= Task to carry out =
Every line below should be copied exactly; drop the pictures.

*** Block opens ***

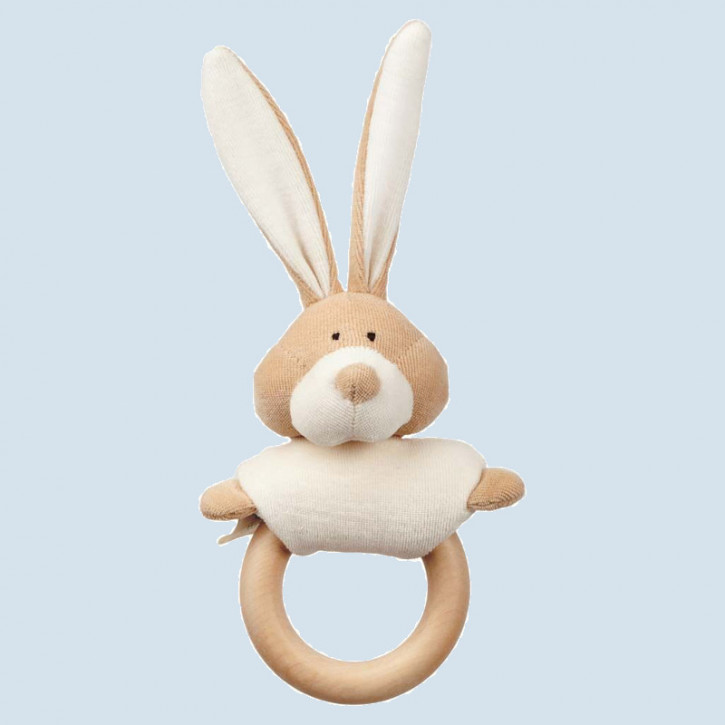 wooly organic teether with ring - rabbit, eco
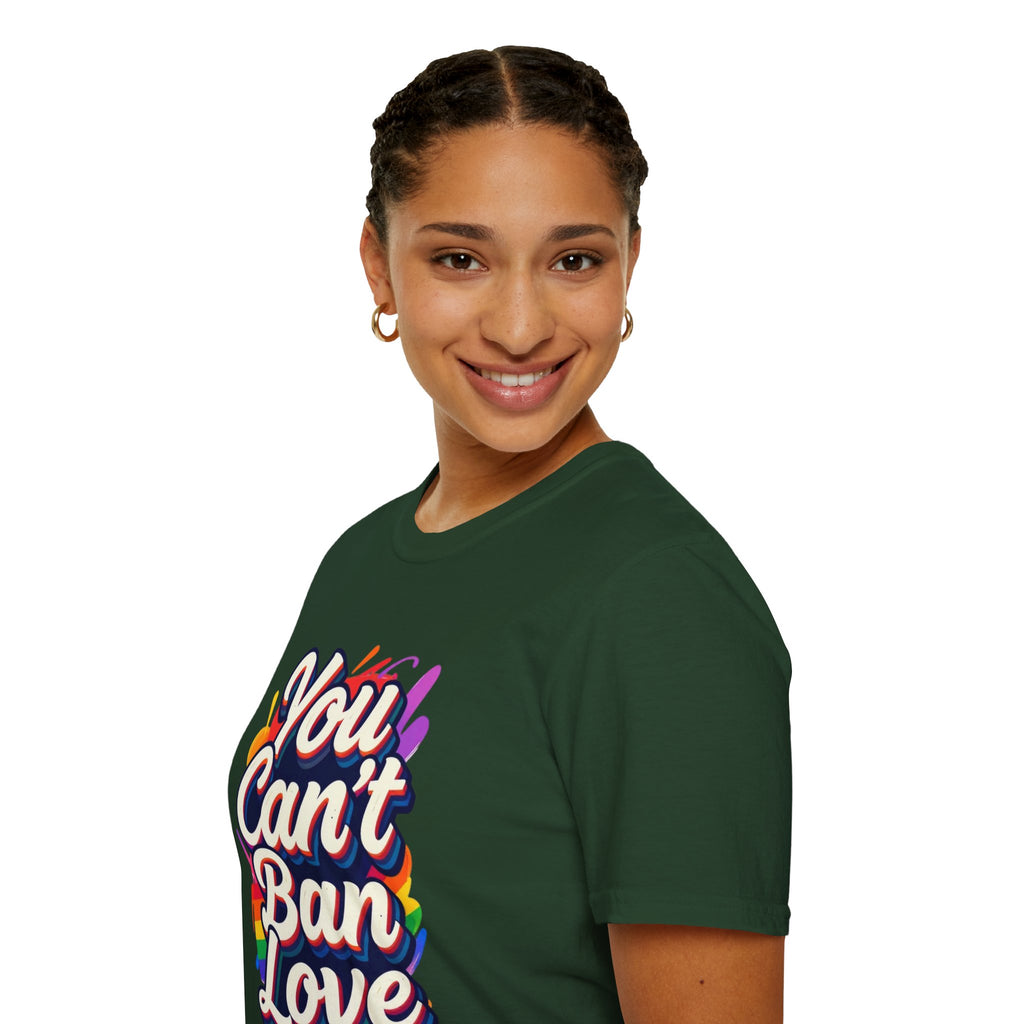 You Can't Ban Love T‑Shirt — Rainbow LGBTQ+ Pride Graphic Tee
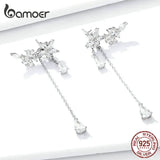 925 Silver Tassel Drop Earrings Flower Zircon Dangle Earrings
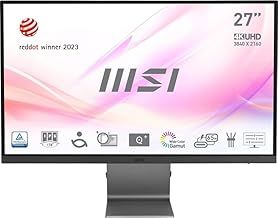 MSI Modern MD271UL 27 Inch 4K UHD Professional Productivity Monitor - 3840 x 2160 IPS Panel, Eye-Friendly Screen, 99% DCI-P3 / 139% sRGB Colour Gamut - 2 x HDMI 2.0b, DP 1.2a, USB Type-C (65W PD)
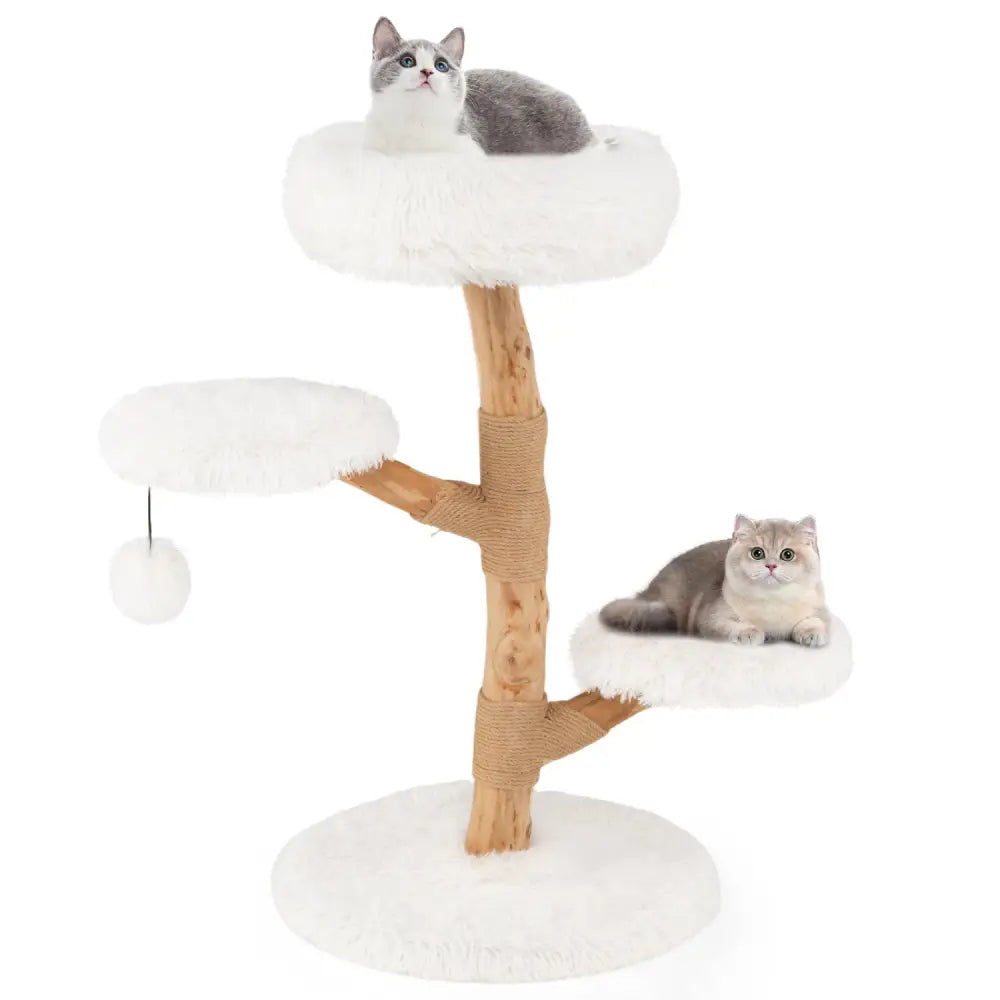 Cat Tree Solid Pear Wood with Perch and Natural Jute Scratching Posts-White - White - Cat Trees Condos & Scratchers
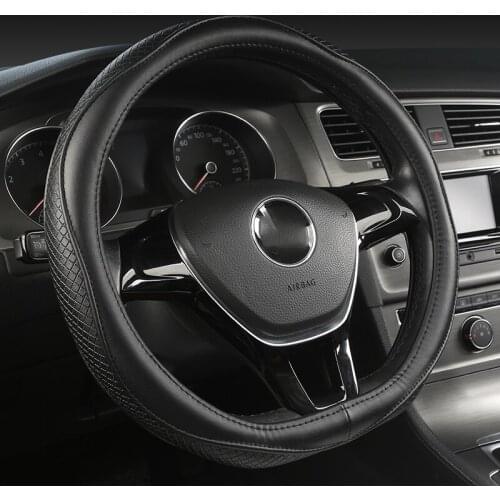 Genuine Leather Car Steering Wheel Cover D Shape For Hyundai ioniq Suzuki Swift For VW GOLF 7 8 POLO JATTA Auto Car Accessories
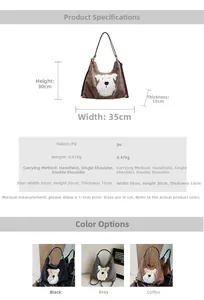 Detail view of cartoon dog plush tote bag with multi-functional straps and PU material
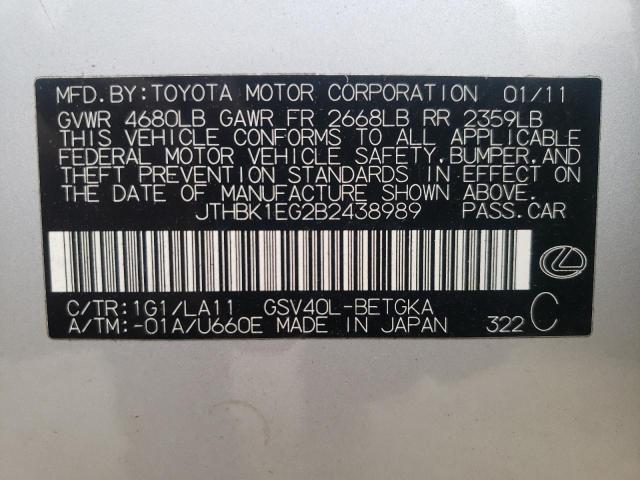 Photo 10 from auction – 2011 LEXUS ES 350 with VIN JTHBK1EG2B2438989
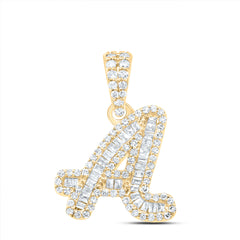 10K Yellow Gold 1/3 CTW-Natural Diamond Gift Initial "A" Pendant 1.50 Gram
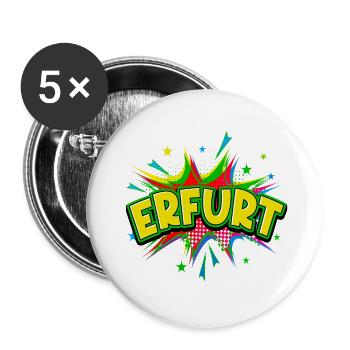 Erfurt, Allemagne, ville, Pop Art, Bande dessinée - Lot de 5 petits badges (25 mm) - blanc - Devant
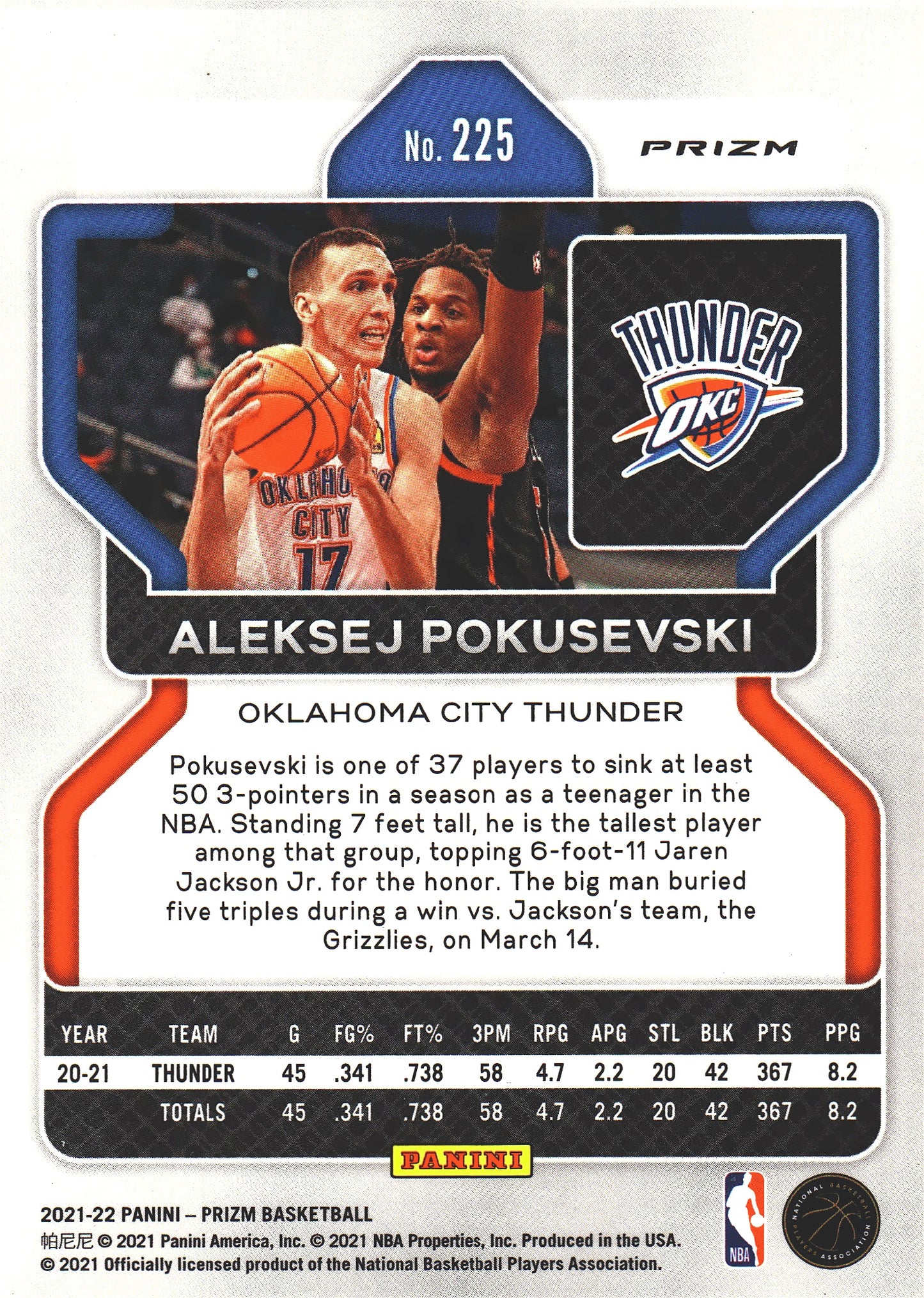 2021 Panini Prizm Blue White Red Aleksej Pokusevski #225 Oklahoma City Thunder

*** Block closes ***

= Written solution =
 wooly organic teether with ring - rabbit, eco
 You Can't Ban Love T‑Shirt — Rainbow LGBTQ+ Pride Graphic Tee
 925 Silver Tassel Drop Earrings Flower Zircon Dangle Earrings
 MSI Modern MD271UL 27 Inch 4K UHD Professional Productivity Monitor - 3840 x 2160 IPS Panel, Eye-Friendly Screen, 99% DCI-P3 / 139% sRGB Colour Gamut - 2 x HDMI 2.0b, DP 1.2a, USB Type-C (65W PD)
 Cat Tree Solid Pear Wood with Perch and Natural Jute Scratching Posts-White - White - Cat Trees Condos & Scratchers
 Genuine Leather Car Steering Wheel Cover D Shape For Hyundai ioniq Suzuki Swift For VW GOLF 7 8 POLO JATTA Auto Car Accessories
 Detail view of cartoon dog plush tote bag with multi-functional straps and PU material
 Photo 10 from auction – 2011 LEXUS ES 350 with VIN JTHBK1EG2B2438989
 10K Yellow Gold 1/3 CTW-Natural Diamond Gift Initial "A" Pendant 1.50 Gram
 Erfurt, Allemagne, ville, Pop Art, Bande dessinée - Lot de 5 petits badges (25 mm) - blanc - Devant
 2021 Panini Prizm Blue White Red Aleksej Pokusevski #225 Oklahoma City Thunder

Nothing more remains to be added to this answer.